Lead Story…. I’ve spent quite a bit of space on this blog talking about segments of the real estate market that have been struggling of late. From high end apartments and luxury condos in NY, SF and Miami to dying shopping malls in middle America, to struggling suburban office buildings, there’s been plenty to go around. Today, I’m going to focus on a struggling segment that we haven’t paid much attention to: super high-end retail. It seems that landlords at the extreme high end of the retail spectrum have been pushing rents like crazy lately, and now they are paying the price as even cream-of-the-crop retail tenants can’t afford it anymore. Bloomberg ran a story that focused primarily on NY’s iconic 5th Avenue, home of the world’s most expensive retail rents. From Bloomberg’s Sarah Mulholland:
Landlords on Manhattan’s Fifth Avenue are sitting on a record amount of open space as retailers balk at committing to expensive new leases in one of the world’s most prestigious shopping districts.
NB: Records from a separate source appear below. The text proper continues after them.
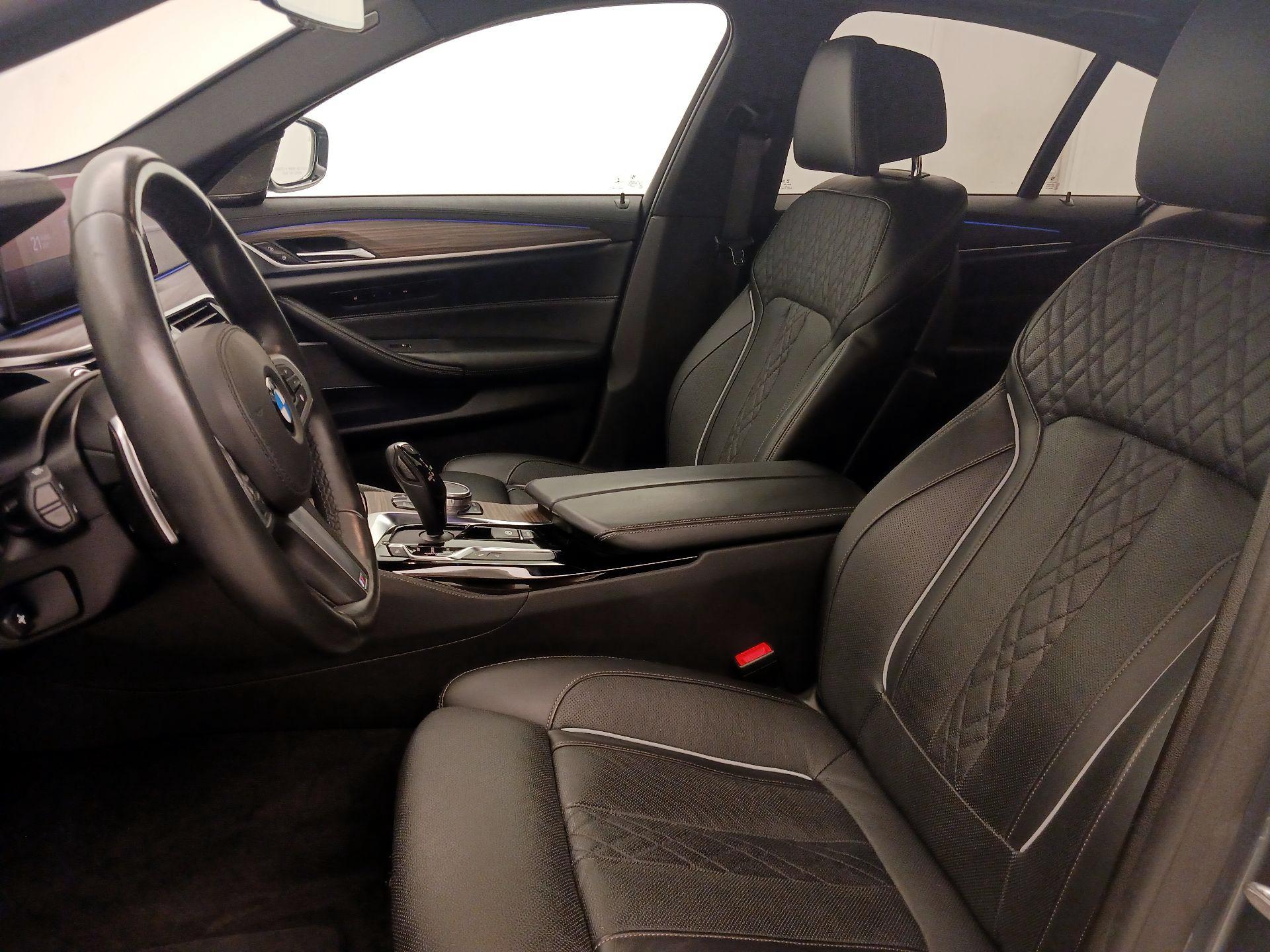 Thumbnail: 2019 BMW 5 Series - 11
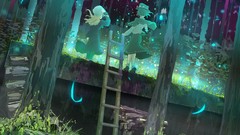 Touhou usami renko Maribel Han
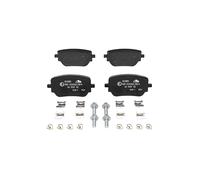 BRAKE PAD SET DISC BRAKE 13.0460-3885.2 FOR MERCEDES-BENZ EQA B-CLASS/Sports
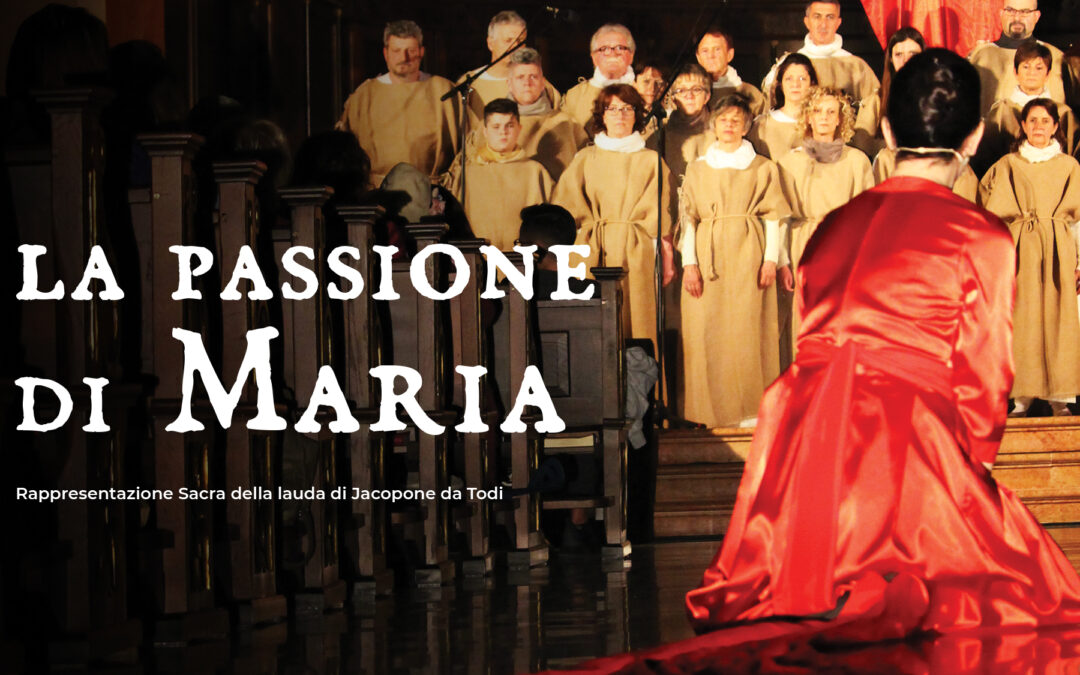La passione di Maria
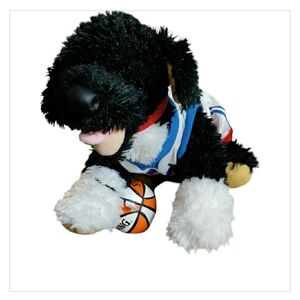 Build A Bear WNBA Plush Dog 21"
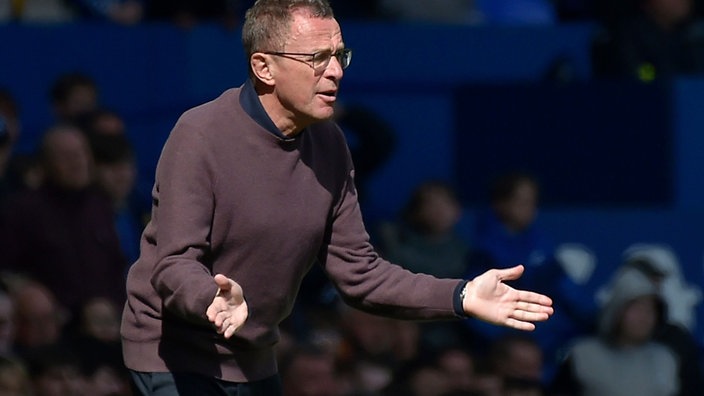 Heftiger Gegenwind für Ralf Rangnick in Österreich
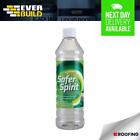 Everbuild - Safer Spirit - 750ml - Water Based Alternative to White Spirit 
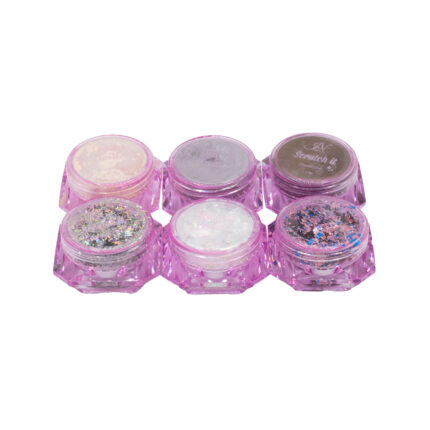 Flakes & Holo Set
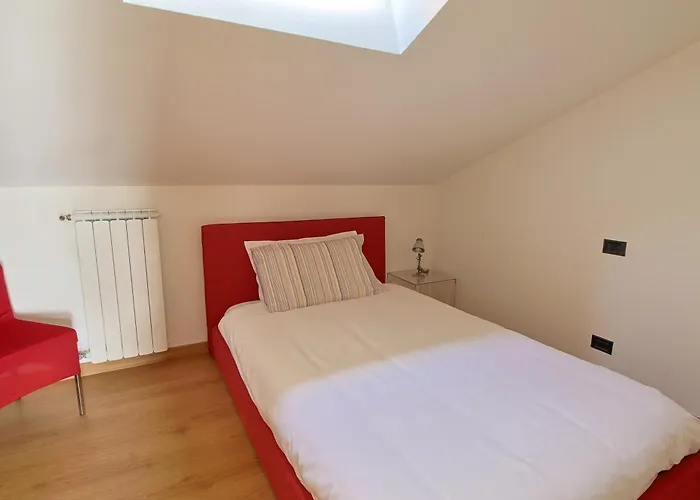 Fornaci 2 Sul Maggiore Apartman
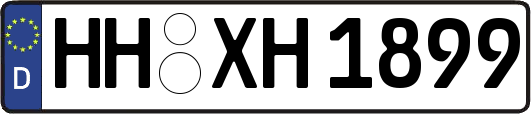 HH-XH1899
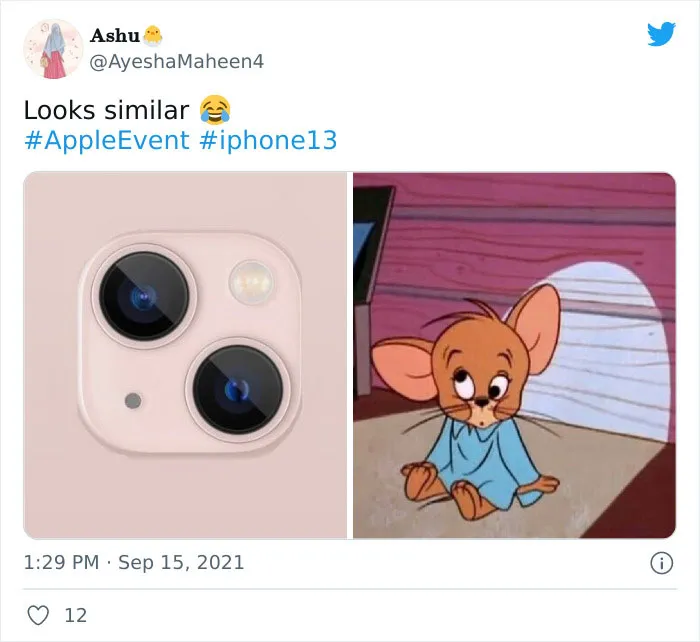 Folks Online Are Roasting The New iPhone 13, And Here Are 30 Of The Funniest Posts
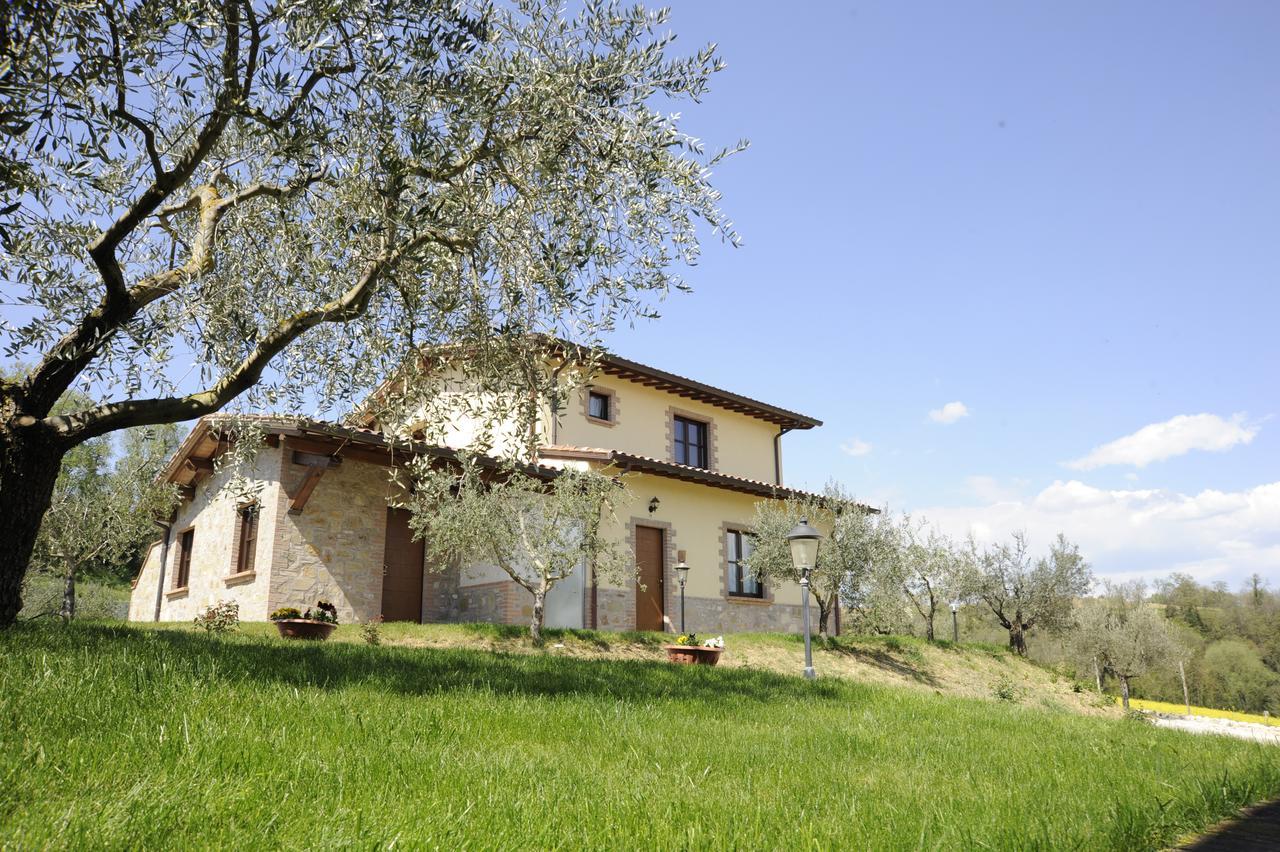L'Antico Casale Perugia Exterior foto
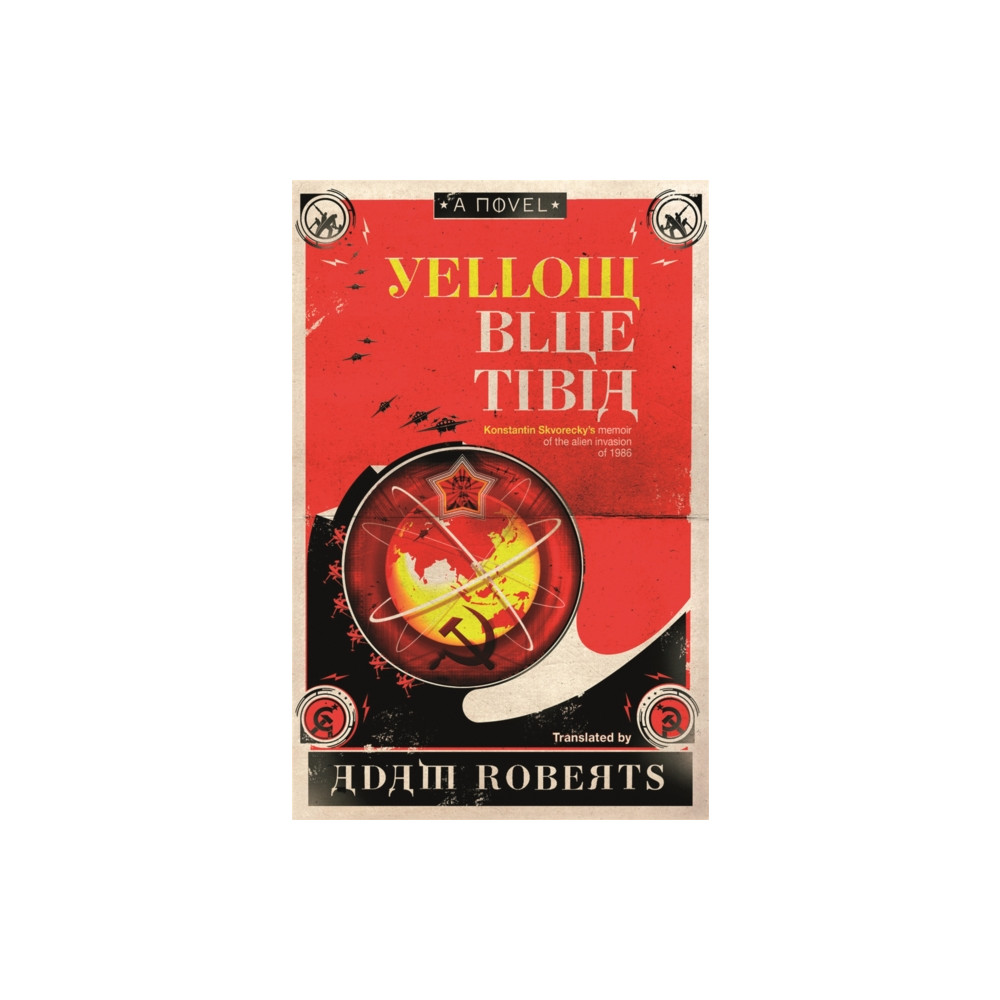 Produktbild för Yellow Blue Tibia (häftad, eng)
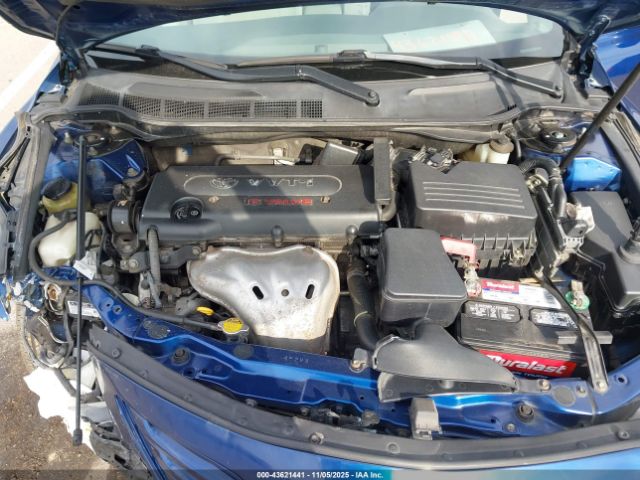 2007 TOYOTA CAMRY 4T1BE46K47U123180 Photo 9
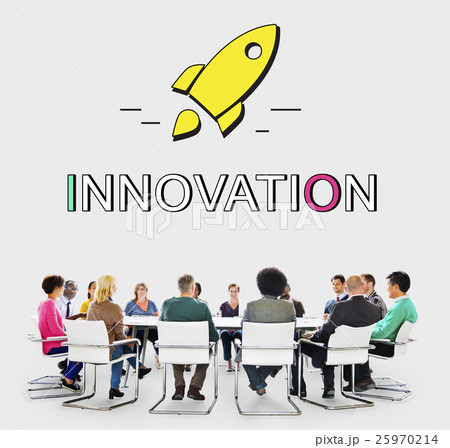 Innovation Creative Design Development Ideas Concept Innovation Creative Design Development Ideas Concept 25970214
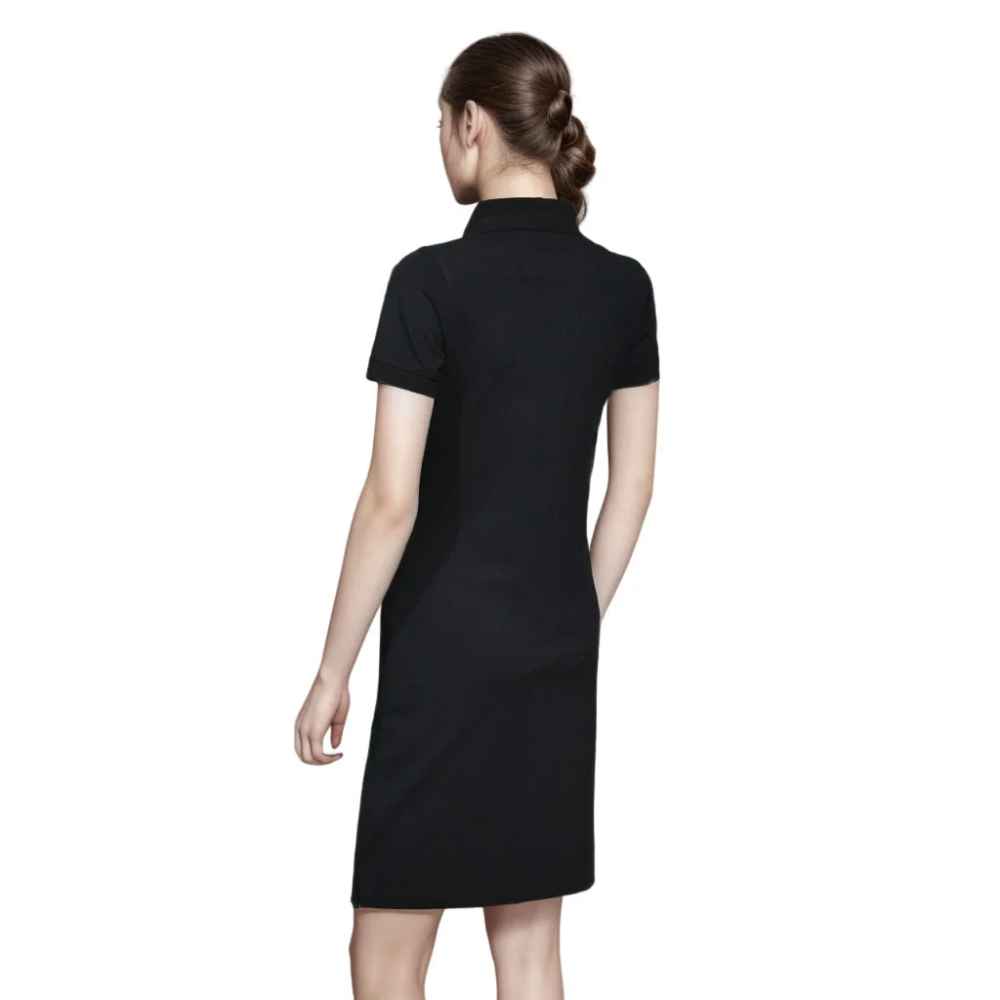 Tory Burch Black Premium Quality Dress-thumb-2
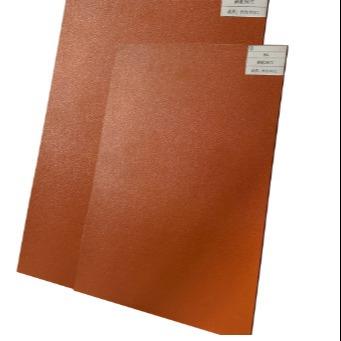 China 600 To 800 Times CCL Lamination Press Rubber Pad Precise Copper Clad Sheet For Pcb for sale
The availability rate on the famed strip, home to Saks Fifth Avenue and Tiffany & Co.’s flagship store, jumped to 15.9 percent in the third quarter, up from about 10 percent a year earlier, according to Cushman & Wakefield Inc. The rate has climbed steadily this year, surpassing the prior peak of 11.3 percent, set in the fourth quarter of 2014.
The rise of empty storefronts isn’t limited to Fifth Avenue. It’s part of a Manhattan-wide space glut as retailers — buffeted by e-commerce, tepid demand for luxury goods and a strong dollar that’s eroded tourist spending — push back against rents that have soared to records. Leasing costs have increased in tandem with property values in the past five years, outpacing gains in merchandise sales and making it impossible for retailers to run profitable stores at many locations, according to Richard Hodos, a vice chairman at brokerage CBRE Group Inc.
If you’ve read up to this point, the solution seems simple: lower rents and occupancy will rise again. Only it’s not so simple in a world where properties trade hands relatively frequently and every buyer needs to assume that they can push rents further than the last owner in order to make the numbers work at an ever-higher basis. This is not an issue that is in any way unique to 5th Avenue, or retail space for that matter. It happens in commercial real estate transactions everywhere in an upward-trending market. However,retail in particular, especially the shopping mall space is proving to be a very difficult business as eCommerce continues to gain share and department store anchors continue to go dark putting many landlords underwater. The aspect of this story that is incredibly staggering is the astronomical rental numbers. Again, from Bloomberg’s Sarah Mulholland (emphasis mine):
On the stretch of Fifth Avenue from 49th to 60th streets, which commands the world’s highest rents, landlords are asking an average of $3,213 a square foot, up from $2,075 a square foot in 2011, Cushman data show. In the tourist-heavy Times Square area, rents stand at $2,104 a square foot after tripling over a four-year period.
The brokerage’s retail availability rate takes into account vacancies as well as stores occupied by merchants that plan to leave when their leases expire. Retailers that signed leases at high prices in the past several years and are seeking a tenant to sublease their space are also included, according to Steve Soutendijk, an executive director at Cushman.
“Tenants that signed at the absolute top of the market are looking to mitigate their exposure,” he said.
At this point, you are probably assuming that the rents referenced above are a typo. I can assure you that they are very real. And just how did they rise so quickly? Also, how much are they overvalued? Mulholland continues (emphasis mine):
“Property trades are being based on achieving ever-higher rents, and nobody ever really looks at what retailers can afford to pay,” Hodos said. “In some cases, rents need to come down 30 percent or more for rents to be at levels where retailers are able to make sense of them again.”
It gets even worse if the project is levered since signing a lease below a certain amount could lead to negative cash flow or put the loan in default if debt service coverage is inadequate. This is a great illustration of one of the worst aspects of real estate investment: garbage in, garbage out underwriting. You can make an investment model hit a targeted valuation if you put enough inflation into a model. However, in the real world tenants actually have to be willing to pay and those assumptions don’t work nearly as well as they did in the model. The result is that you end up with vacancy when no tenants are willing to pay above-market rent. If the assumptions in the proforma are garbage, then the proforma will be garbage as well. It doesn’t matter how good your analysis tools are if you don’t use them correctly.
There’s an old saying about 5th Avenue being a safe haven real estate investment where you can’t lose money. However, that simply isn’t true if you overpay by making such aggressive leasing assumptions that you can’t fill vacant spaces. Trust me, you can lose plenty of money that way, especially when your entire business plan is predicated upon getting a tenant to pay you thousands of dollars a square foot.